Contributed by John J. Grabowski, Ph.D., Historian/Senior Vice President for Research and Publications, using resources from WRHS’s collections & archives.
The history of assisting new immigrants in Greater Cleveland is linked, in many ways, to the work of women who have used their skills, as lawyers, agency directors, and volunteers to assist newcomers to our city over the past century.
Margaret Wong and Associates, one of the nation’s foremost immigration-focused law firms had its beginnings, so to speak, in Hong Kong. That is where Margaret Wong was born. Her father was Hwang Mien Lin, a newspaper publisher and her mother Kuan Kuo Hua, a journalist. Margaret’s goal was to study medicine, and in order to so she obtained a student visa to the US. She and her sister Cecilia arrived in 1969 with four suitcases, several hundred dollars, and with some rudimentary English. She studied initially at Ottumwa Heights College in Iowa and then graduated from Western Illinois University. However, her plans would change when she decided to, instead, study law. She graduated with her JD in 1976 from the SUNY Buffalo Law School where she was one of only four women in the class.
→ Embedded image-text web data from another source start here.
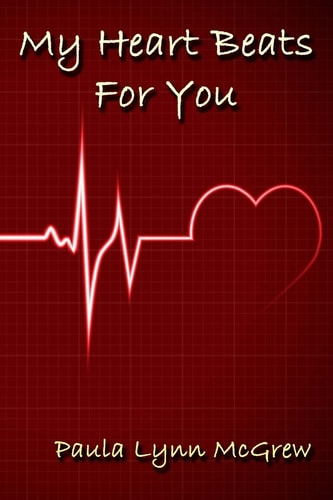 My Heart Beats For You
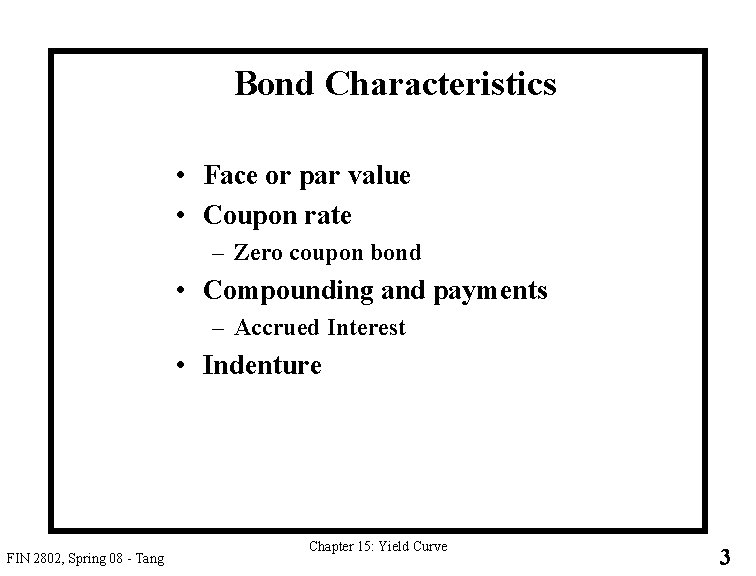 Bond Characteristics • Face or par value • Coupon rate – Zero coupon bond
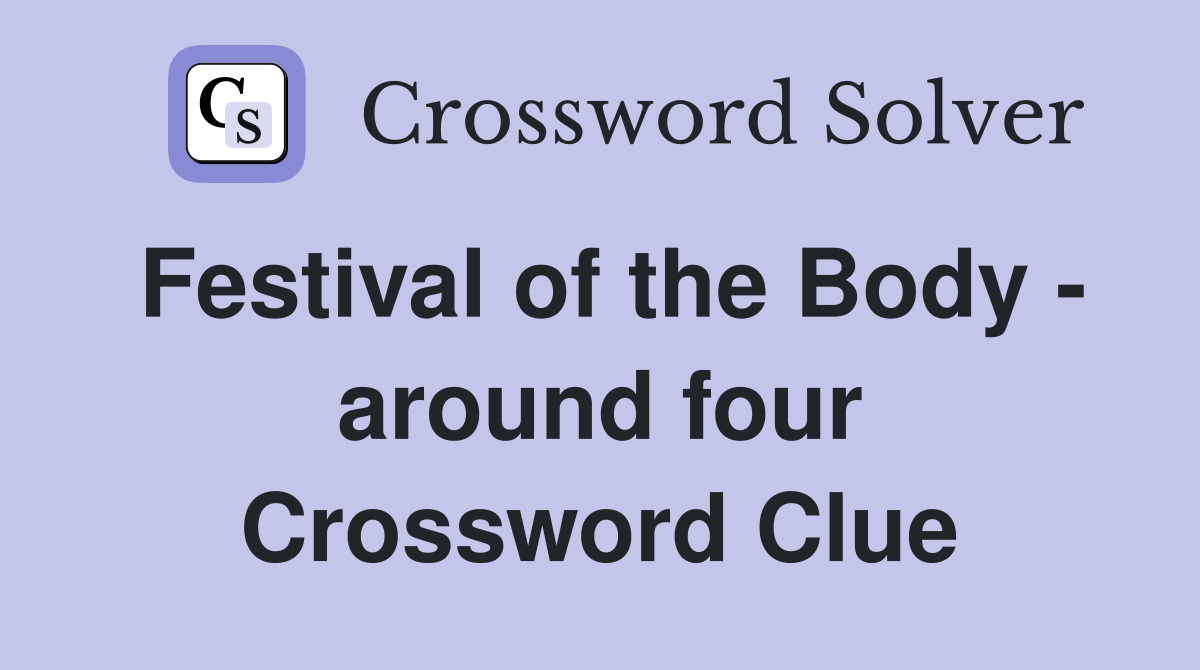 Festival of the Body - around four Crossword Clue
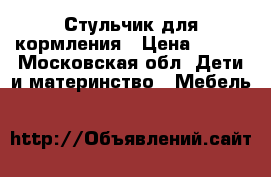 Стульчик для кормления › Цена ­ 800 - Московская обл. Дети и материнство » Мебель   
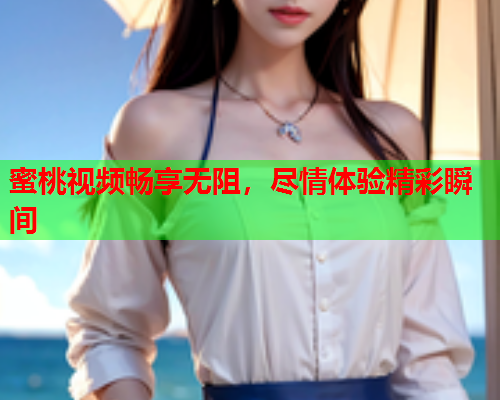 蜜桃视频畅享无阻，尽情体验精彩瞬间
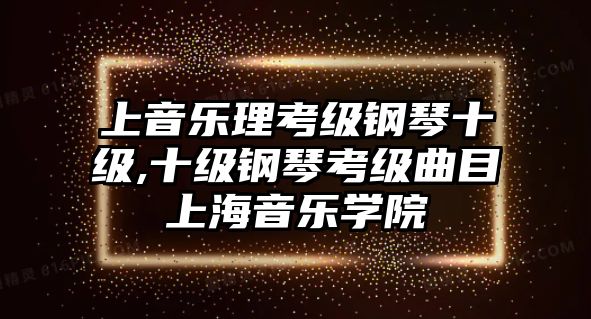 上音樂理考級鋼琴十級,十級鋼琴考級曲目上海音樂學(xué)院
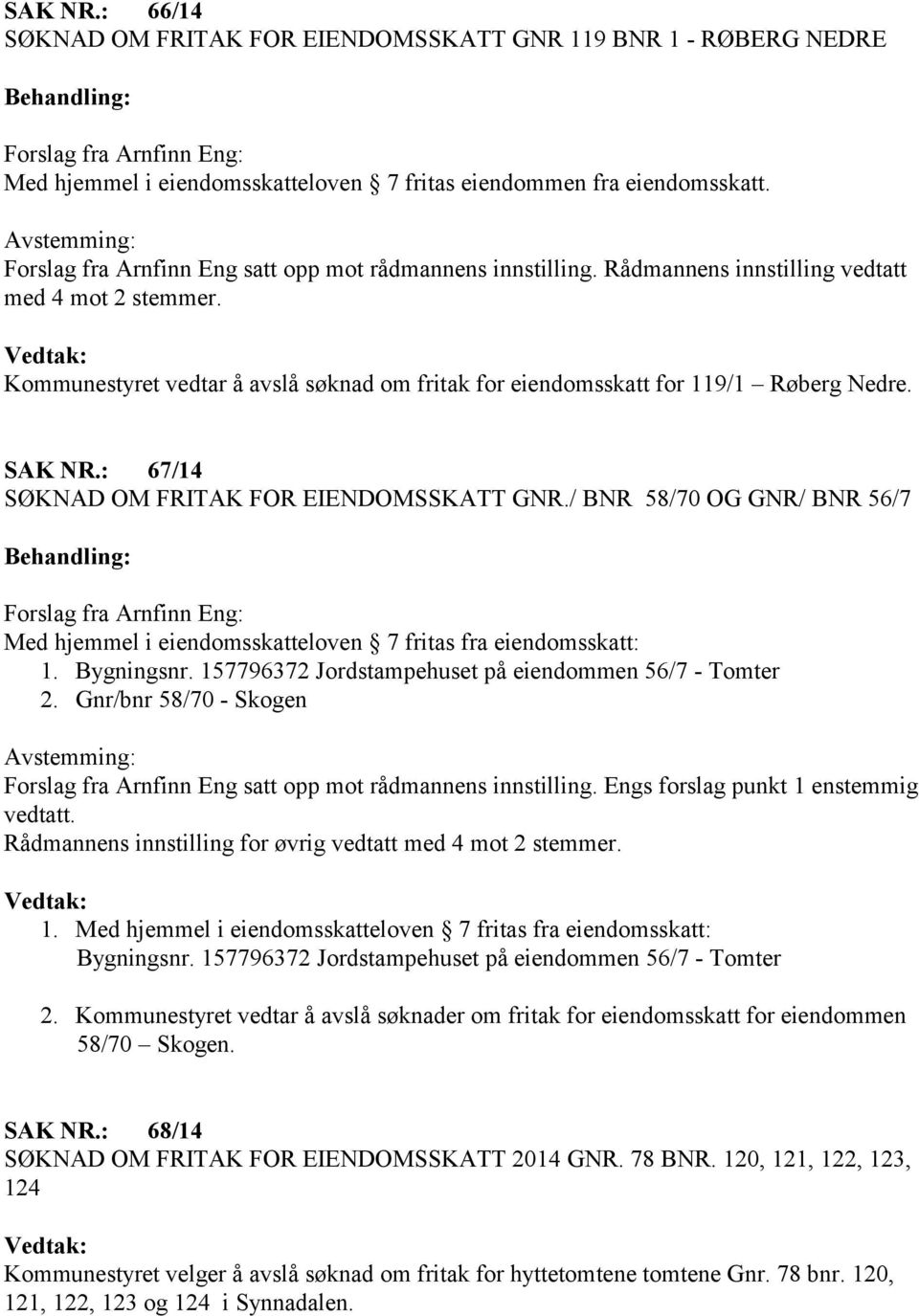 157796372 Jordstampehuset på eiendommen 56/7 - Tomter 2. Gnr/bnr 58/70 - Skogen Forslag fra Arnfinn Eng satt opp mot rådmannens innstilling. Engs forslag punkt 1 enstemmig vedtatt.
Her search for a legal position was difficult, made so by biases against women and immigrants. She persisted and eventually came to Cleveland where she found a position at Central National Bank as a credit analyst. Yet, her desire was still to practice law, and given her own experiences as an immigrant, she wanted to focus on immigration law. She did so by starting her own law firm in 1978. Today Margaret Wong and Associates is one of the premier immigration law firms in the nation, a feat made possible by Margaret’s incredible work ethic and her desire to assist those who are confronted by an unbelievably complex body of rules, regulations, and case law that today govern immigration to the United States. Headquartered on Chester Avenue in Cleveland, and with offices in New York City, Chicago, Atlanta, Memphis, Nashville, Minneapolis, Columbus, and Raleigh, the firm now has three partners, nine associates, and a number of paralegals. For many immigrants, Margaret Wong’s dedication and that of the members of her firm have provided new, secure lives in the United States.
Margaret Wong’s story is, perhaps the most recent of those that relate to women who have helped immigrants in our city and nation. The history of one of Cleveland’s premiere immigrant aid organizations clearly reflects that connection.
In September 1916, the Young Women’s Christian Association of Cleveland established its International Institute “…for the protection and welfare of immigrant girls.” Margaret Fergusson would head the Institute from 1926 until 1954 when it merged with the Citizens Bureau to form the Nationalities Services Center. Both institutions had, up to that time, assisted over one hundred thousand immigrants and refugees. Lucretia Stoica, the daughter of Romanian immigrants and formerly a case worker at the International Institute, would become the Deputy and then the Executive Director of the merged agency, serving as its head for twenty-six years until her retirement in 1988. Algis Ruksenas would become director in 1988. Renamed the International Services Center in 1994, it would again be led by a woman, Karin Wishner, after Ruksenas’ retirement in 2006. Karin who had previously worked with the Center’s educational programs would then oversee its merger into the United States Committee for Refugees and Immigrants in 2016. She would retire in 2019. Today Dylanna Grasinger heads both the Cleveland and Erie, Pennsylvania offices of the USCRI.